If you have nine sons in a row,
Baseball teams make money, you know!

Could anything be more adorable than Janet Gaynor singing the title song?  I don’t think so!

The story is set in the Gay Nineties but the clothes are strictly 1929.  Molly (Gaynor) lives with roommate Bea (Marjorie White) in an apartment above a grocery store.  Bea has a songwriter boyfriend named Eddie (Frank Richardson).  They squabble constantly and will perform several novelty numbers throughout the film.  The grocery store owner Eric (El Bendel) is close friends with the young people.  Molly’s dream lover is millionaire Jack Cromwell (Charles Farrell) who lives in Southhampton.

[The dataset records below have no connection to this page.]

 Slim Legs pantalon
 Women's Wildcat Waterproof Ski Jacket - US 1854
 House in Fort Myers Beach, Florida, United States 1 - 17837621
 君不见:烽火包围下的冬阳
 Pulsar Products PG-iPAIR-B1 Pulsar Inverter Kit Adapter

Jack’s girlfriend and intended bride is not ready to give up her flirtations so he takes off in his car, destination unknown.

Jack and Molly meet cute just before the Fourth of July block party.  The neighborhood celebrates by entertaining each other with song.  After Jack catches Molly’s act, he proposes that she come to Southhampton to perform in an upcoming charity gala.  Her friends accompany her dressed as servants.  Jack also hopes to make his fiancee jealous so she will marry him.  We see several of the acts at the gala.  There are numerous misunderstandings.  If you don’t know how this will wind up, you haven’t been paying attention.  Jackie Cooper has a small uncredited part as a kid reciting a poem.

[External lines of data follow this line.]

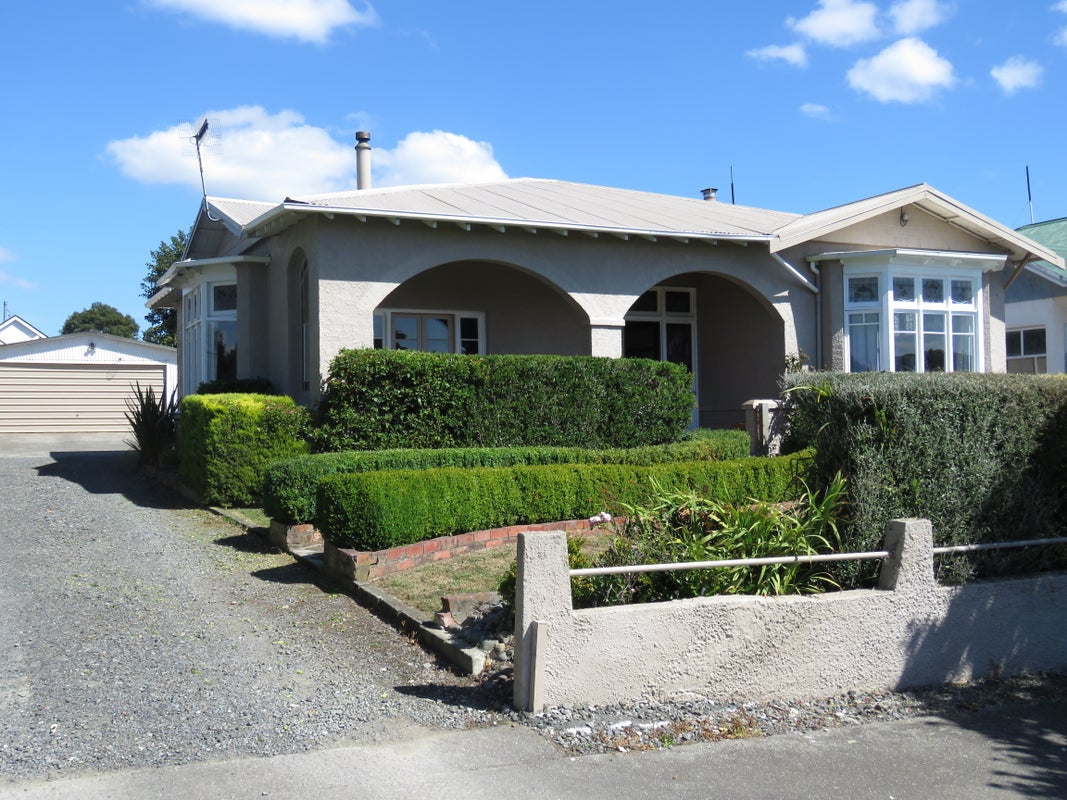 233 Bowmont Street, Georgetown, Invercargill - Carousel 1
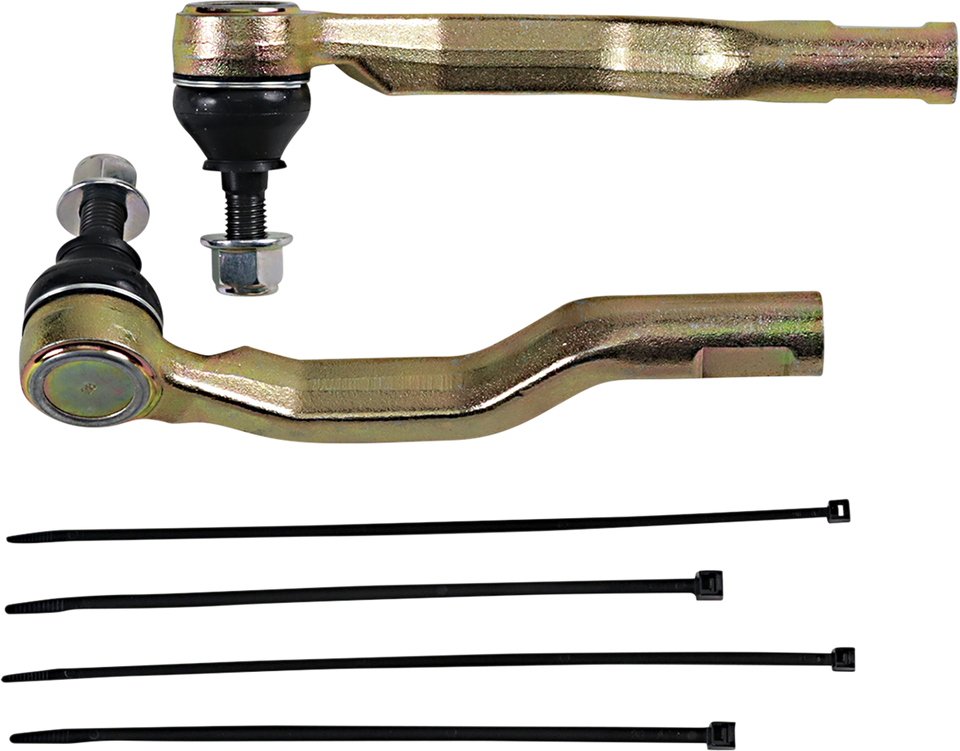 Tie End Rod Kit - Front Outer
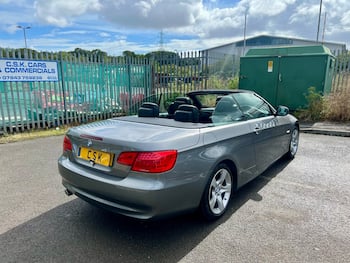 Used BMW 3 Series 2011 for sale - 79711167: Photo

This is a very old-fashioned story but I found it charming.  Betraying its pre-Code roots we even get to see Janet Gaynor (!)  in lacy lingerie.  The songs are catchy.  Recommended to fans of musicals or the stars.

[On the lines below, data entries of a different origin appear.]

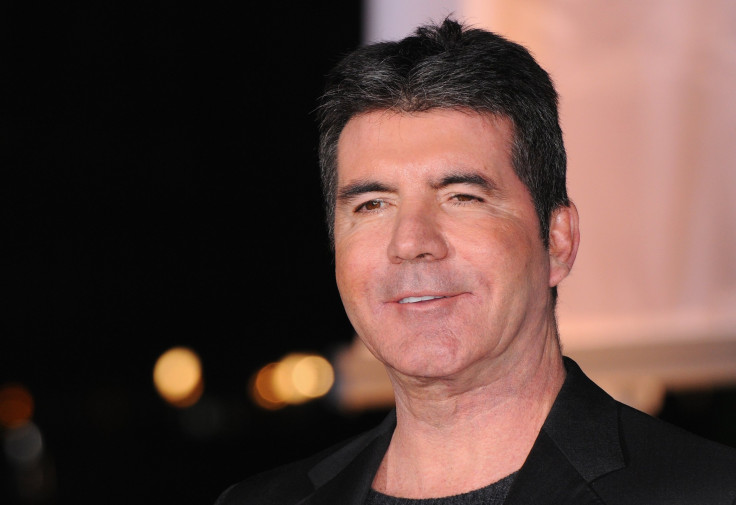 Simon Cowell slams Zayn Malik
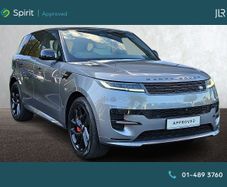 Land Rover Range Rover Sport 2023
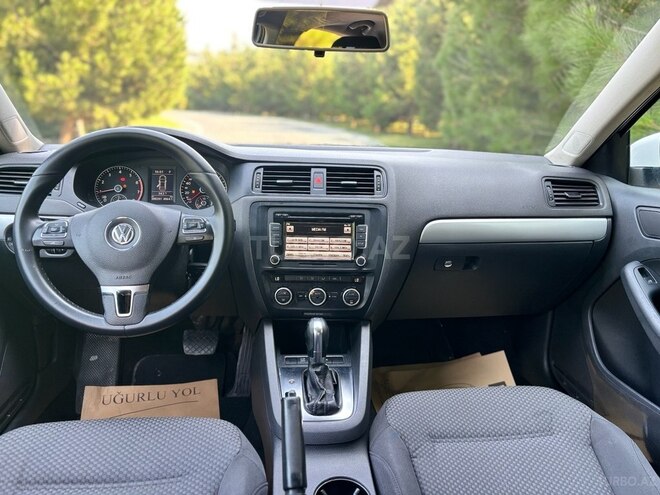 Volkswagen Jetta 2012, 299,700 km - 2.0 l - Bakı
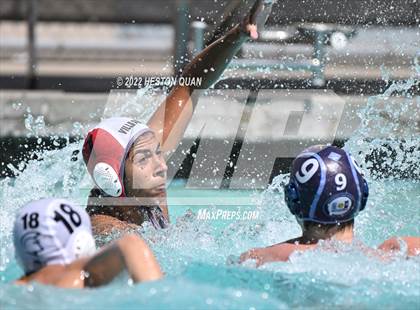 Thumbnail 3 in Villa Park vs. University (Villa Park Classic) photogallery.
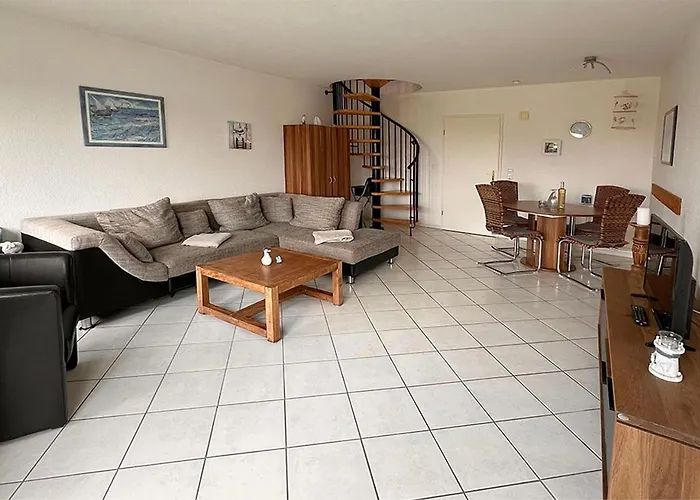 Deichbrise Dorumer Neufeld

https://www.youtube.com/watch?v=xBxHSePHtq0

 

The Kiss (1929)

The Kiss
Directed by Jacques Feyder
Written by Hans Kräly and Marian Ainslee from a story by George Saville
1929/US
Metro-Goldwyn-Mayer
IMDb page
First viewing/YouTube rental

André: Irene – we can’t go on meeting like this.

The last silent film made by MGM and by Greta Garbo was this OK melodrama/courtroom drama

The story takes place in France.  Irene Guarry (Garbo) is unhappily married to a cranky, jealous old man.  She has been meeting young attorney Andre Dubail (Conrad Nagel) on the sly.  They have even kissed.  But she has remained faithful to her husband.  To complicate things further eighteen-year-old Pierre LaSalle (Lew Ayres in his film debut) has a massive crush on her.

Pierre is leaving for college and begs for a last goodbye kiss.  Irene humors him but a peck on the lips leads to an unwanted passionate embrace.  The husband walks in on this.  The confrontation moves to another room behind closed doors.  Shots are heard.  Hubby is the one that doesn’t  emerge.  Irene is accused of the murder.  She is defended in court by Andre.  Who killed Mr. Guarry?

MGM and Garbo moved into the sound era with less a bang than a wimper.  The plot is pretty trite and the Tchaikovsky score is way too much for the subject matter. Actually, though, the movie is quite watchable especially for Garbo’s beauty and gorgeous gowns and the art deco design.  And I love Lew Ayres. It is only 62 minutes long.